**Data for review:**
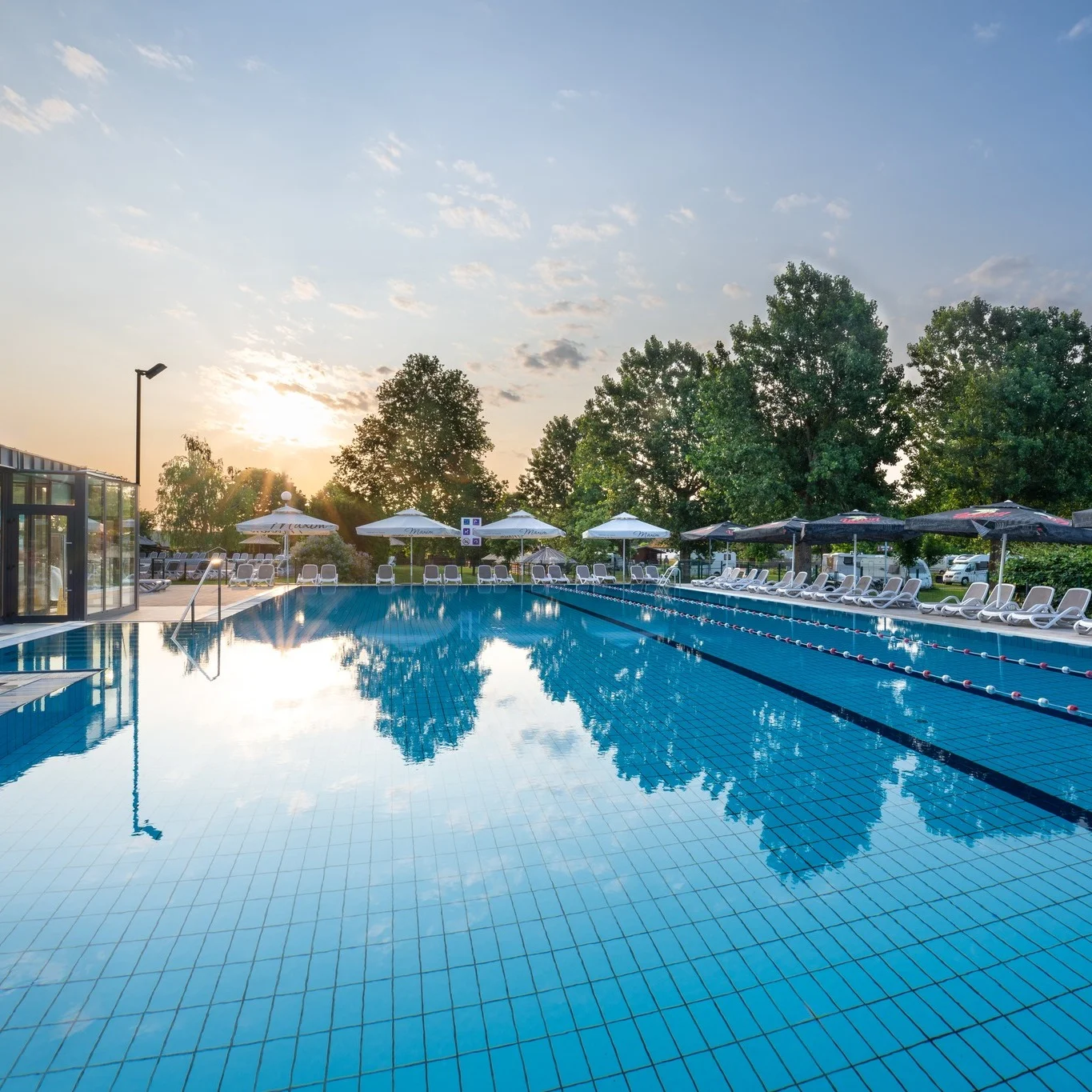 Rodinný relax ve slovinských termálech: sauna, termální bazény i polopenze, 2 děti zdarma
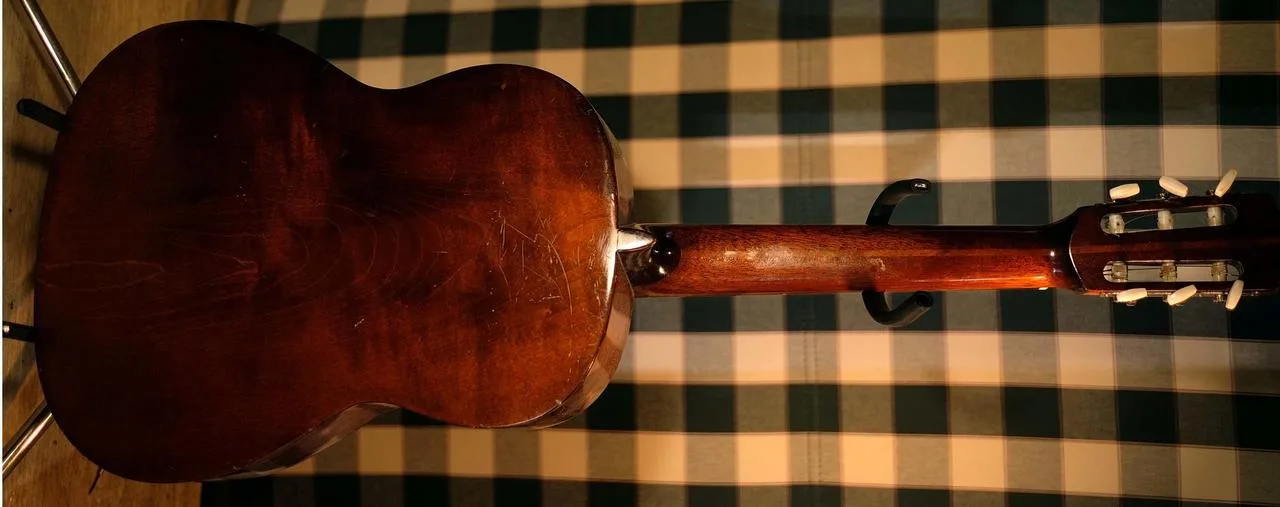 Otto SCHNEIDER - Classic Guitar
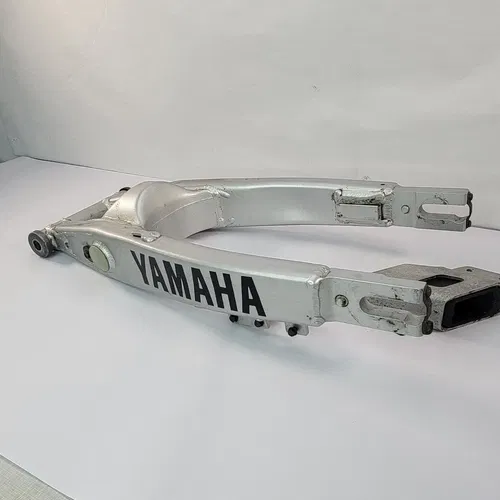 2005 1999-2006 YAMAHA TTR 250 Rear Swingarm Swing Arm Suspension Pivot OEM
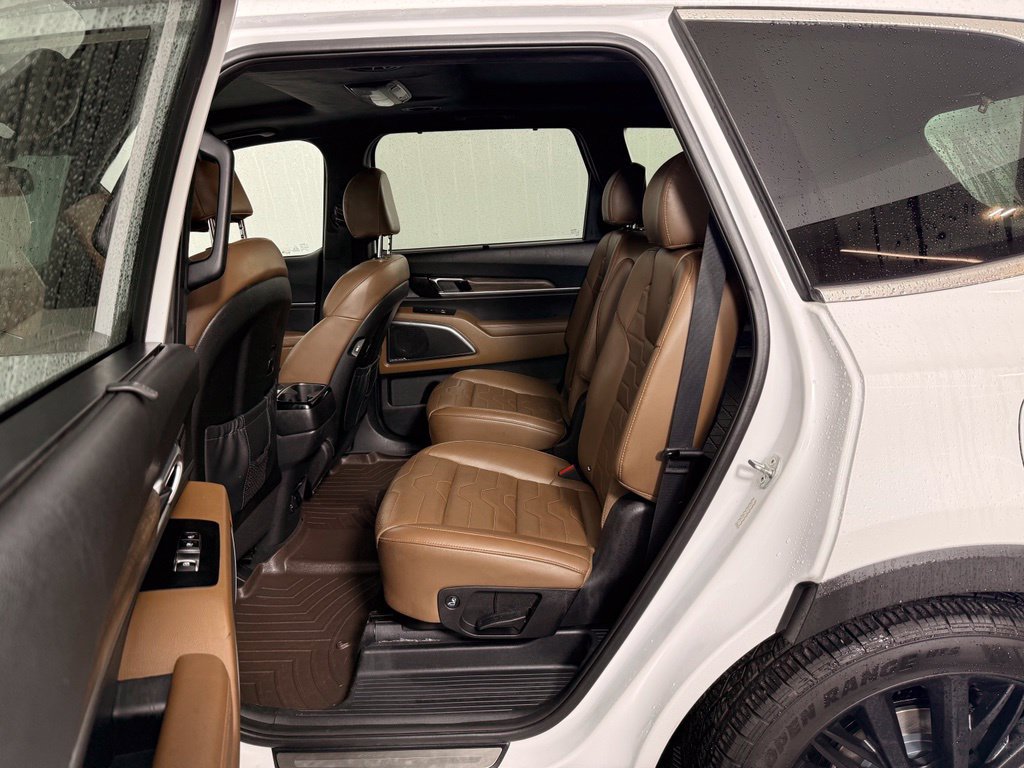 Used 2020 Kia Telluride SX w/ SX Prestige Package AWD/4WD image 16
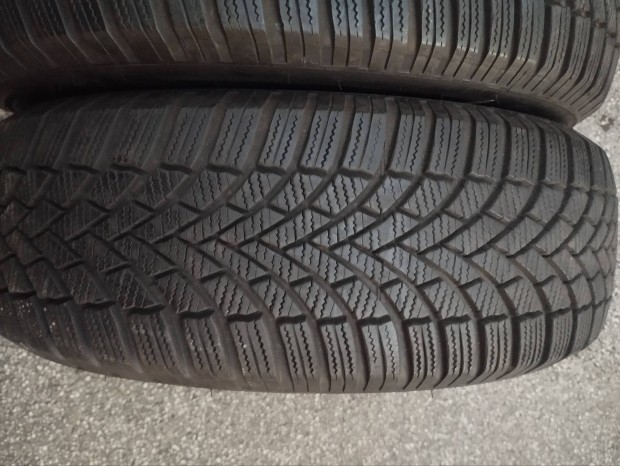 2db 195/65 15 Bridgestone tli gumi r15 " dot21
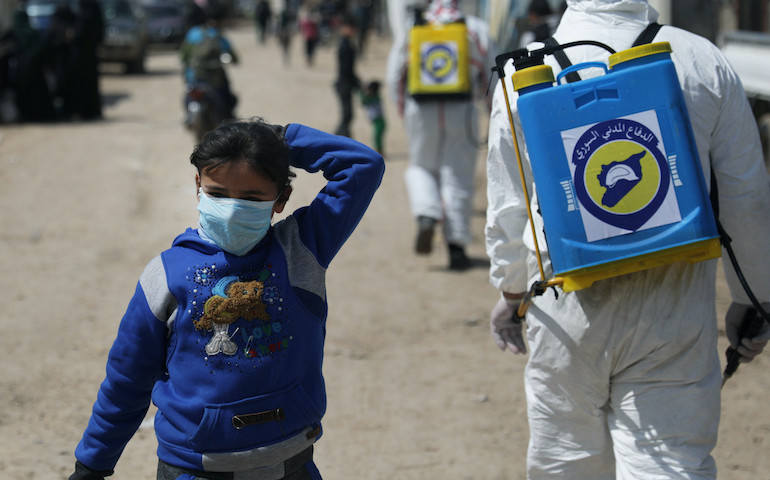 Labores de desinfección en un campo de refugiados cerca de Alepo (Siria)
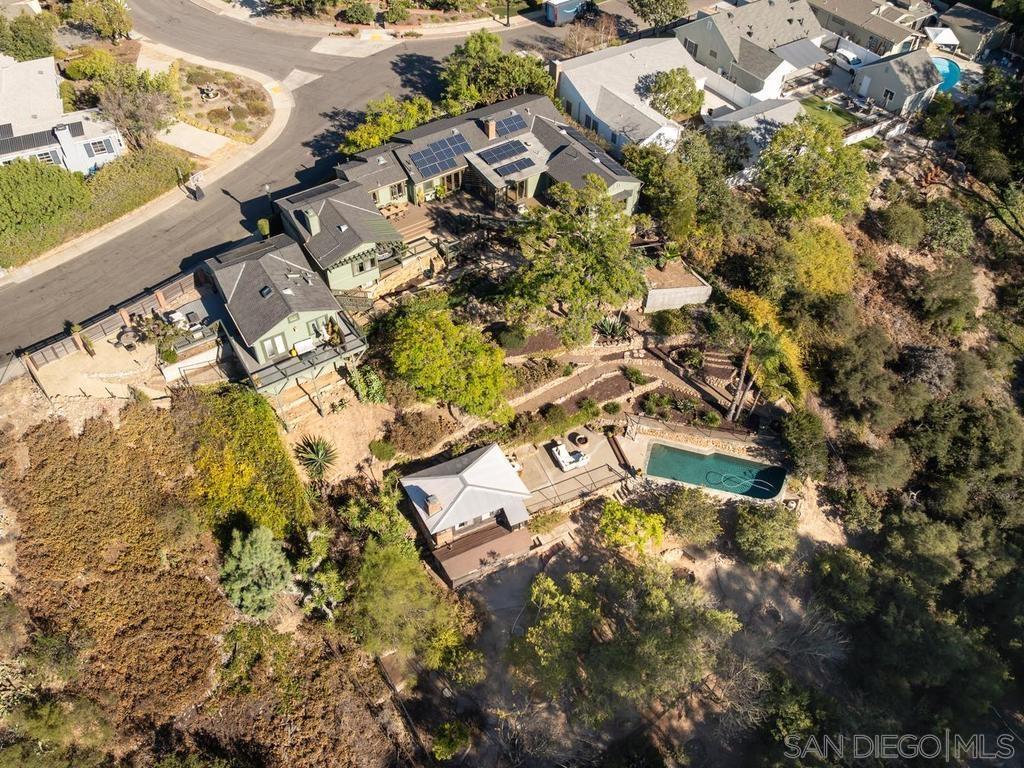 4760 Miracle Dr — photo
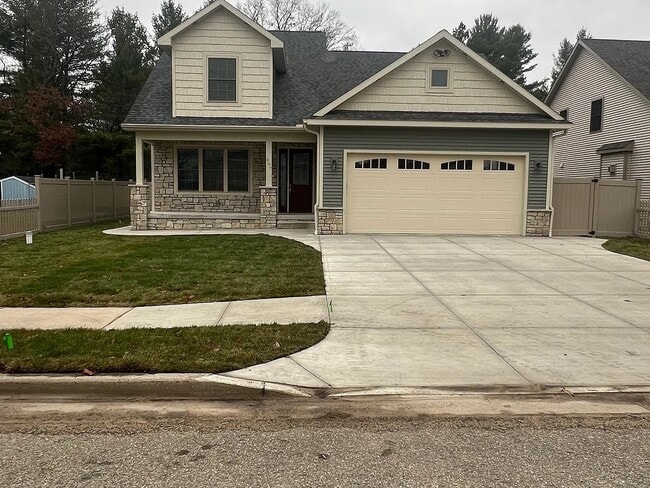 Photo - 407 Knight St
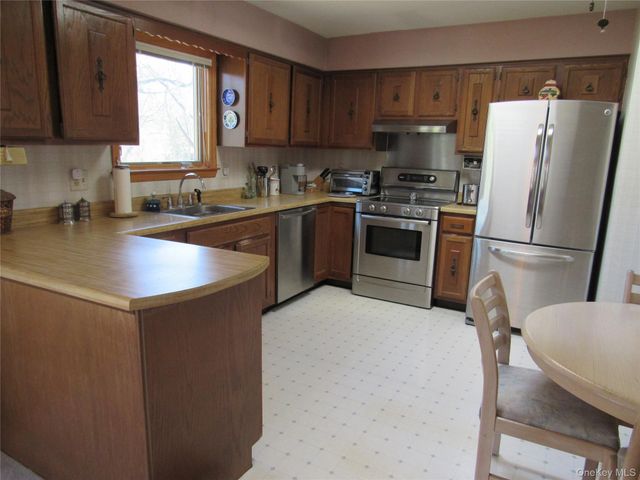 5 Hillside Road, Slate Hill, NY 10973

**Goal of the exercise:** Extract the entries in full, exactly as they are, minus the pictures.

**Task response:**
 Rodinný relax ve slovinských termálech: sauna, termální bazény i polopenze, 2 děti zdarma
 Otto SCHNEIDER - Classic Guitar
 2005 1999-2006 YAMAHA TTR 250 Rear Swingarm Swing Arm Suspension Pivot OEM
 Used 2020 Kia Telluride SX w/ SX Prestige Package AWD/4WD image 16
 2db 195/65 15 Bridgestone tli gumi r15 " dot21
 Labores de desinfección en un campo de refugiados cerca de Alepo (Siria)
 4760 Miracle Dr — photo
 Photo - 407 Knight St
 5 Hillside Road, Slate Hill, NY 10973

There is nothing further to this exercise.